DROP TABLE dbo.BigTable
GO

CREATE TABLE dbo.BigTable (C1 VARCHAR(max))
WITH (
distribution = round_robin
,heap
)
GO

DECLARE @Steinar VARCHAR(4001) = 'x';

SET @Steinar = @Steinar + replicate('x', 4001)

INSERT INTO dbo.BigTable
VALUES (@Steinar );

UPDATE dbo.BigTable
SET C1 = C1 + C1

SELECT len(C1)
FROM dbo.BigTable --> length 8002

  1. Export data from the table to parquet file in ADLS Gen2 using ADF Copy Activity (Synapse => Parquet file).
  2. Import data from parquet file generated in step to back to the table using ADF Copy Activity and setting the PolyBase method.

Can you please investigate and (ideally) provide a fix or workaround?

Azure Synapse Analytics
Azure Synapse Analytics
An Azure analytics service that brings together data integration, enterprise data warehousing, and big data analytics. Previously known as Azure SQL Data Warehouse.
4,142 questions
Azure Data Factory
Azure Data Factory
An Azure service for ingesting, preparing, and transforming data at scale.
9,136 questions
0 comments No comments
{count} vote

2 answers

Sort by: Most helpful
  1. PRADEEPCHEEKATLA-MSFT 73,886 Reputation points Microsoft Employee
    2020-10-15T11:50:12.017+00:00

    Hello @Robert Kostecki ,

    You are experiencing this error message because the length of the column size defined.

    PolyBase supports a maximum column size of varchar(8000), nvarchar(4000), or varbinary(8000).

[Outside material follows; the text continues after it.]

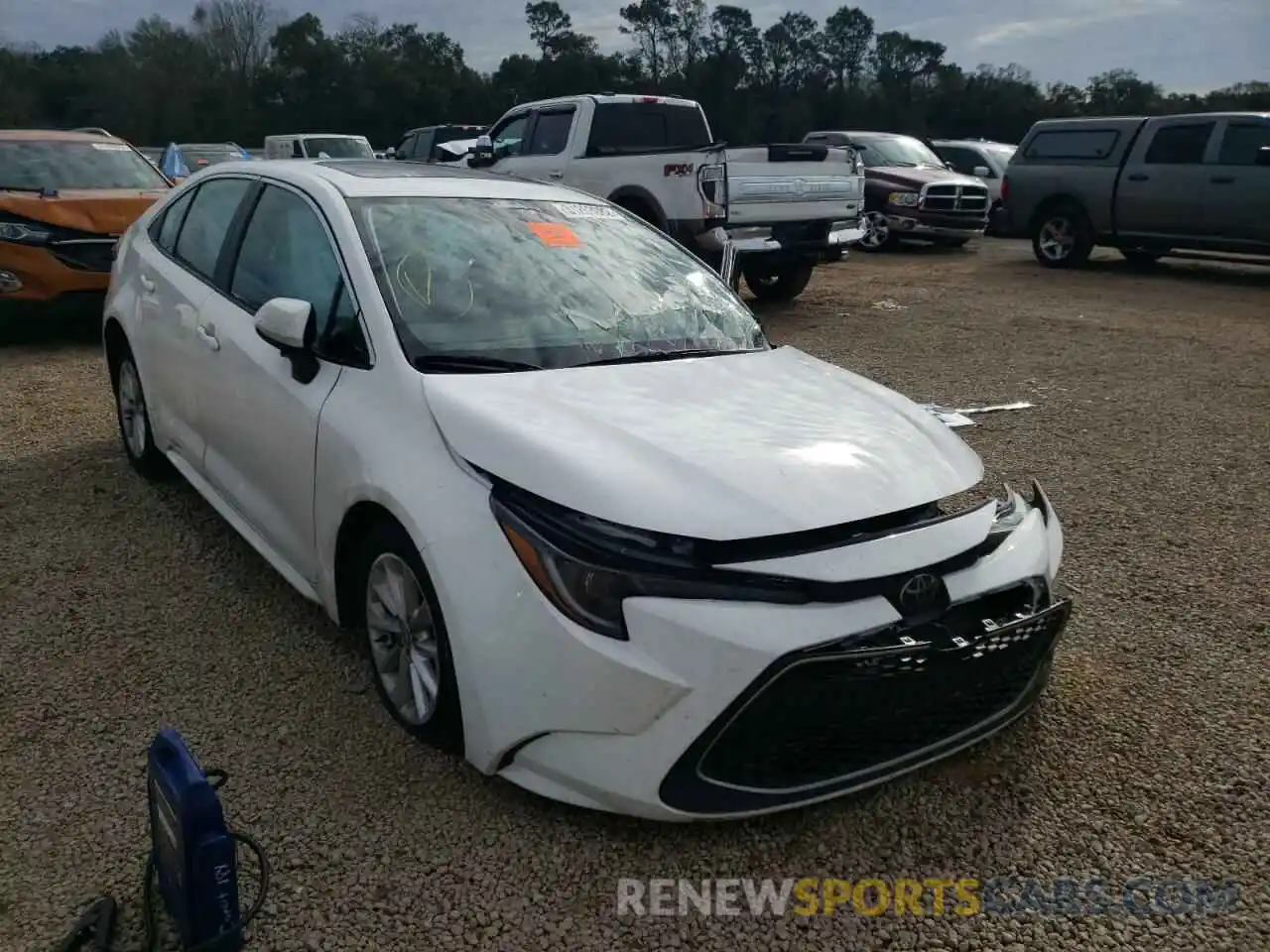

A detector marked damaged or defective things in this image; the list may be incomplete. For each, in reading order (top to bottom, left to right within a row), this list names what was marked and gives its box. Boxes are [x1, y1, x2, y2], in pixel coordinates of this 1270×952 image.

If you have data that exceeds these limits, one option is to break the data up into chunks when you export it, and then reassemble the chunks after import.

    As per the documentation: char and varchar (Transact-SQL)

    varchar [ ( n | max ) ] Variable-size string data. Use n to define the string size in bytes and can be a value from 1 through 8,000 or use max to indicate a column constraint size up to a maximum storage of 2^31-1 bytes (2 GB).

    If you use char or varchar, we recommend to:

    • Use char when the sizes of the column data entries are consistent.
    • Use varchar when the sizes of the column data entries vary considerably.
    • Use varchar(max) when the sizes of the column data entries vary considerably, and the string length might exceed 8,000 bytes.

    For more details, refer Load data into Azure Synapse

    Hope this helps. Do let us know if you any further queries.

    ------------

    • Please accept an answer if correct. Original posters help the community find answers faster by identifying the correct answer. Here is how.
    • Want a reminder to come back and check responses? Here is how to subscribe to a notification.

  2. Robert Kostecki 6 Reputation points
    2020-10-20T09:15:14.307+00:00

    Hi Pradeep, thank you for a quick reply. I am afraid that the information provided in quotes is incorrect. There is no such limitation in the PolyBase feature documentation polybase-versioned-feature-summary

    You may notice that the limitation states: "The maximum possible row size, which includes the full length of variable length columns, can't exceed 32 KB in SQL Server or 1 MB in Azure Synapse Analytics."

    Furthermore it can be empirically proven that the PolyBase can successfully load columns exceeding the 8000 bytes limit and specifically max columns designed to overcome the 8000 bytes limitation.

    Bearing in mind the above can you please re-evaluate the bug and let me know what the issue is?

    0 comments No comments